Nyaman tanpa iklan. Langganan BisnisPro

PPN Sembako Dibatalkan, Ketua Komisi XI DPR: Ini Keberpihakan pada Masyarakat Bawah

Melalui pengesahan RUU HPP, barang dan jasa yang menjadi kebutuhan dasar masyarakat tersebut tetap dikecualikan dari barang kena pajak (BKP) atau jasa kena pajak (JKP).
suasana di salah satu super market di Jakarta, Rabu (9/9/2020). Bisnis/Abdullah Azzam
suasana di salah satu super market di Jakarta, Rabu (9/9/2020). Bisnis/Abdullah Azzam

Bisnis.com, JAKARTA - Ketua Komisi XI DPR RI Dito Ganinduto menegaskan bahwa pemerintah dan parlemen berpihak kepada masyarakat kecil melalui pembatalan pengenaan Pajak Pertambahan Nilai (PPN) pada sembako hingga jasa pendidikan.

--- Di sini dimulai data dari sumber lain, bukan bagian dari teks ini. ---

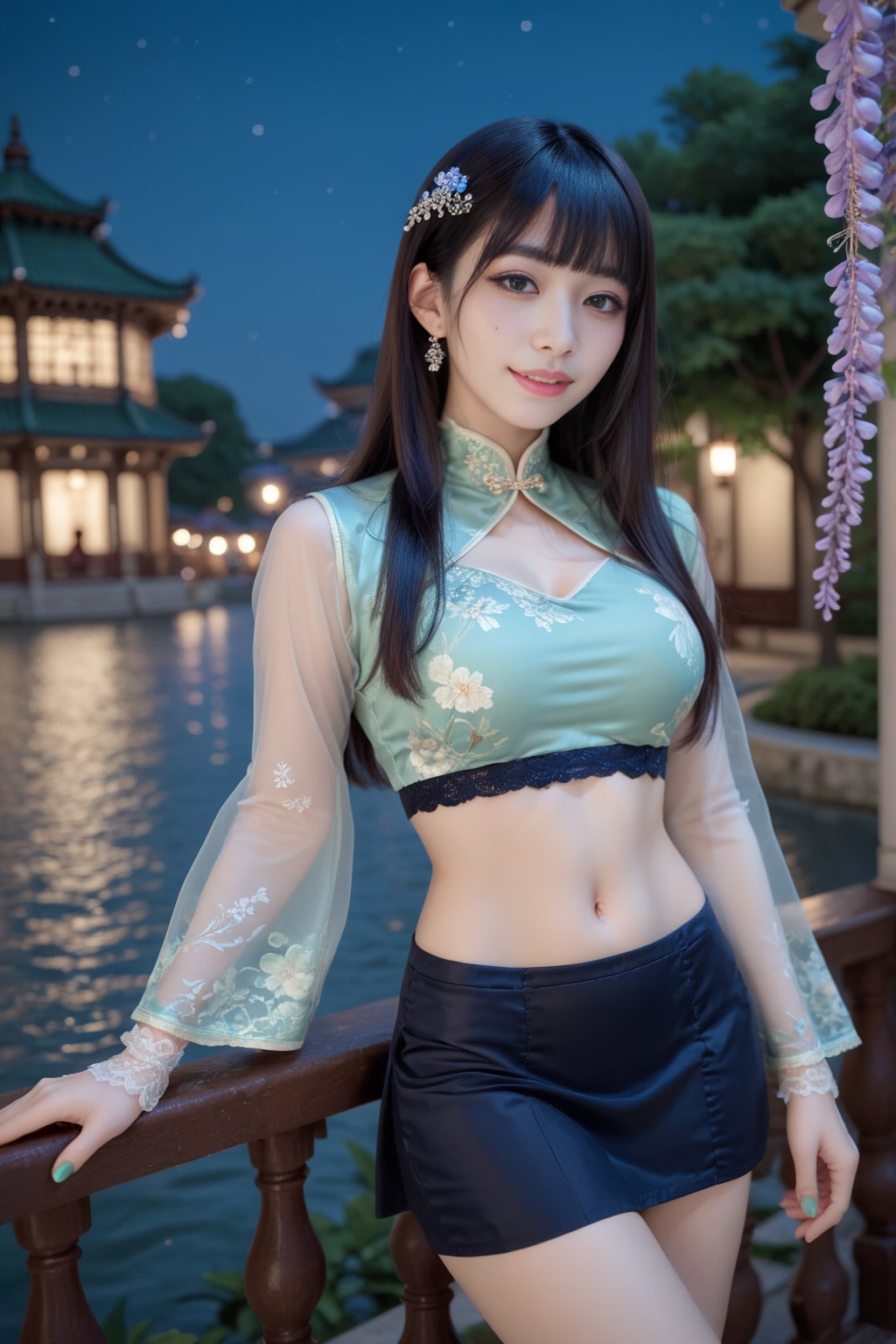 チャイナドレスの美女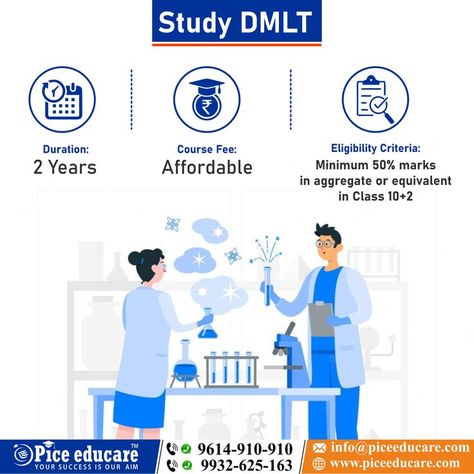 Study DMLT (Diploma in Medical Lab Technology) Top paramedical colleges in West Bengal Affordable course fees Admission Helpline: +91-9614910910 / 9932625163 #dmlt #DiplomaInMedicalLabTechnology #ParamedicalCollege #ParamedicalCourses #PiceEducare Paramedical Courses, Medical Lab, West Bengal, Nursing, Lab, Medical, Technology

Hal ini dipastikan setelah pengesahan Rancangan Undang-Undang (RUU) Harmonisasi Peraturan Perpajakan (HPP) menjadi UU, pada Rapat Paripurna DPR RI di Kompleks Parlemen, Senayan, Kamis (7/10/2021).

"Komitmen keberpihakan kepada masyarakat bawah dengan pemberian fasilitas pembebasan PPN atas barang pokok, jasa pendidikan, jasa kesehatan, jasa keuangan, dan jasa pelayanan sosial, skema PPN final untuk sektor tertentu, penyesuaian tarif PPN secara bertahap sampai dengan tahun 2025," jelas Dito pada konferensi pers, Kamis (7/10/2021).

Sebelumnya, pemerintah berencana untuk mengenakan PPN dengan skema multitarif pada barang kebutuhan pokok atau sembako, dan sejumlah jasa seperti pendidikan, kesehatan, keuangan, dan pelayanan sosial.

Namun, melalui pengesahan RUU HPP, barang dan jasa yang menjadi kebutuhan dasar masyarakat tersebut tetap dikecualikan dari barang kena pajak (BKP) atau jasa kena pajak (JKP).

Selain itu, Menteri Hukum dan HAM Yasonna H. Laoly yang mewakili pemerintah pada Rapat Paripurna, menyatakan pengesahan RUU HPP menjadi UU membuat tarif pajak PPN resmi naik bertahap menjadi 11 persen per 1 April 2022. Dengan begitum skema multi tarif menjadi batal berlaku.

"Penerapan multitarif PPN akan menyebabkan cost of complience dan menimbulkan potensi dispute, maka disepakati sistem PPN tetap menerapkan tarif tunggal," ujar Yasonna.

Sebelumnya, dalam draf RUU HPP terdapat opsi multitarif di kisaran 5 persen–15 persen dan disepakati dalam pembahasan tingkat pertama di Komisi XI DPR. Namun, kebijakan itu akhirnya berubah dalam keputusan akhir saat rapat paripurna.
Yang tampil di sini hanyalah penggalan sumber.